France: de jeunes chrétiens mobilisés contre un oléoduc en Ouganda
Claire Riobé - Paris
EACOP: c’est le nom du méga chantier pétrolier lancé en février 2022 par le géant pétrolier TotalEnergies. Il ne cesse depuis de faire parler de lui. L’oléoduc chauffé de 1443 kilomètres, en cours de construction, traverse l’Ouganda d’Est en Ouest jusqu’aux côtes tanzaniennes. Soutenu par l’état ougandais et CNOOC, la première compagnie pétrolière de Chine, il vise à extraire de grandes quantités d’or noir présentes sous forme de gisements dans la région, manne précieuse et source de toutes les convoitises.

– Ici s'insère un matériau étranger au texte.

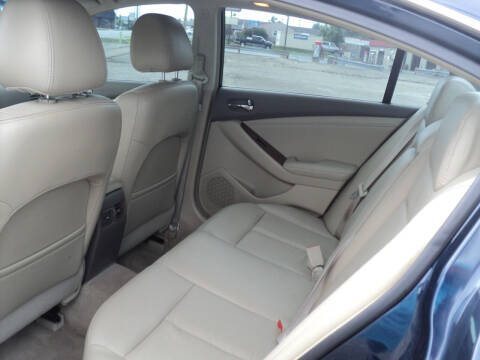 2007 Nissan Altima 3.5 SL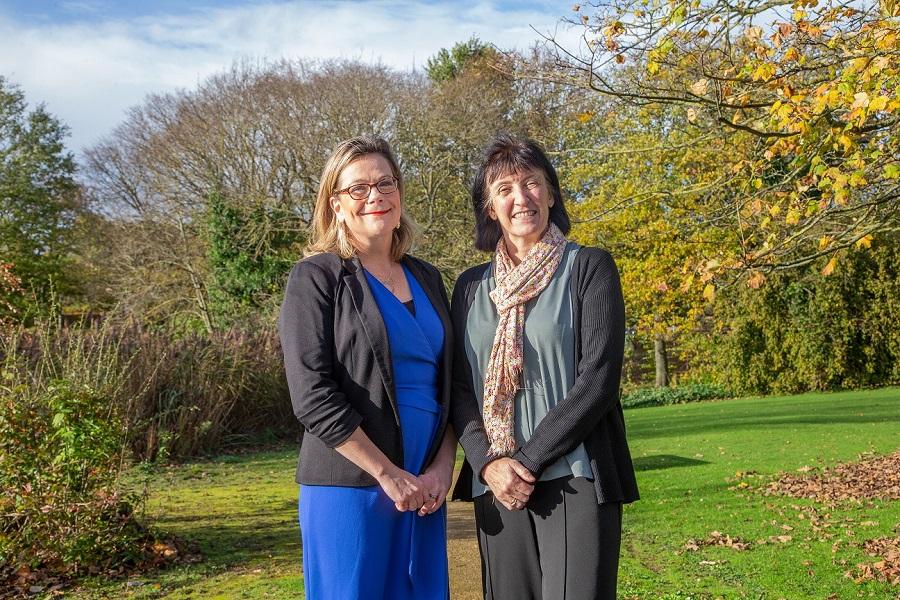 Ailsa Rutter and Amanda Healy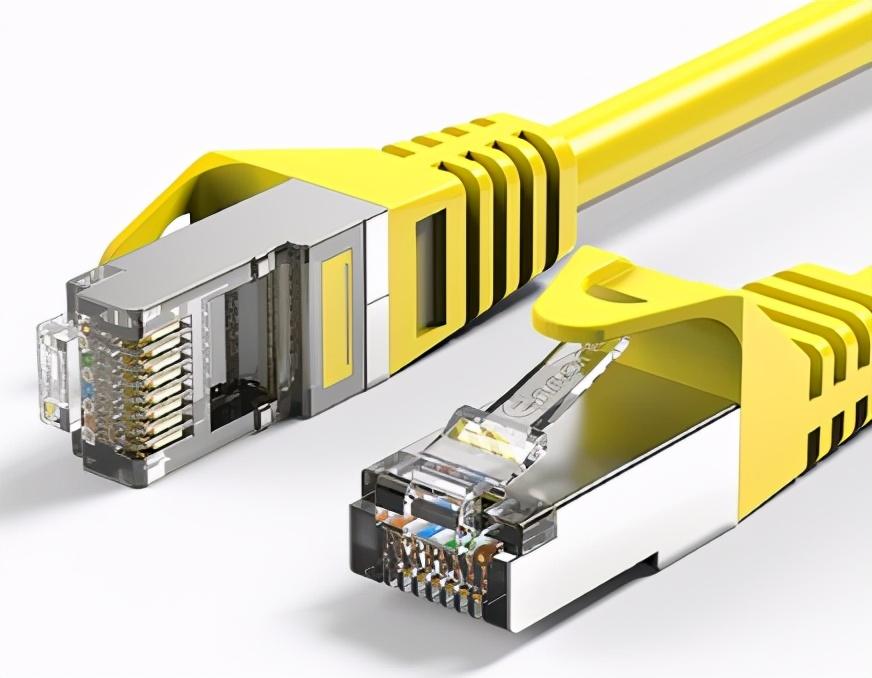 The order of connecting the crystal connector of Category 6e network cable Recommended method of connecting the wireless serial crystal connector of the network cable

Un projet largement condamné à l’international
Bien que les autorités locales voient dans le projet une grande opportunité de développement pour l’Ouganda, il suscite ces derniers mois de vives oppositions tant parmi les locaux, que les ONG internationales et diverses institutions financières (parmi lesquelles de grandes banques françaises telles que BNP Paribas, la Société Générale et le Crédit Agricole), qui ont publiquement refusé son financement. Dénoncé le 15 septembre dernier par une large majorité de députés au parlement européen, c’est à présent en France que surgit une vague de contestations. Dans une tribune publiée ce lundi 3 octobre, plusieurs centaines de chrétiens âgés de 18 à 35 ans expriment leur inquiétude devant les conséquences humaines et environnementales dramatiques du chantier, porté par la multinationale française. Leur texte, relayé par le quotidien La Croix, pointe du doigt un projet «incompatible avec la recherche du bien commun».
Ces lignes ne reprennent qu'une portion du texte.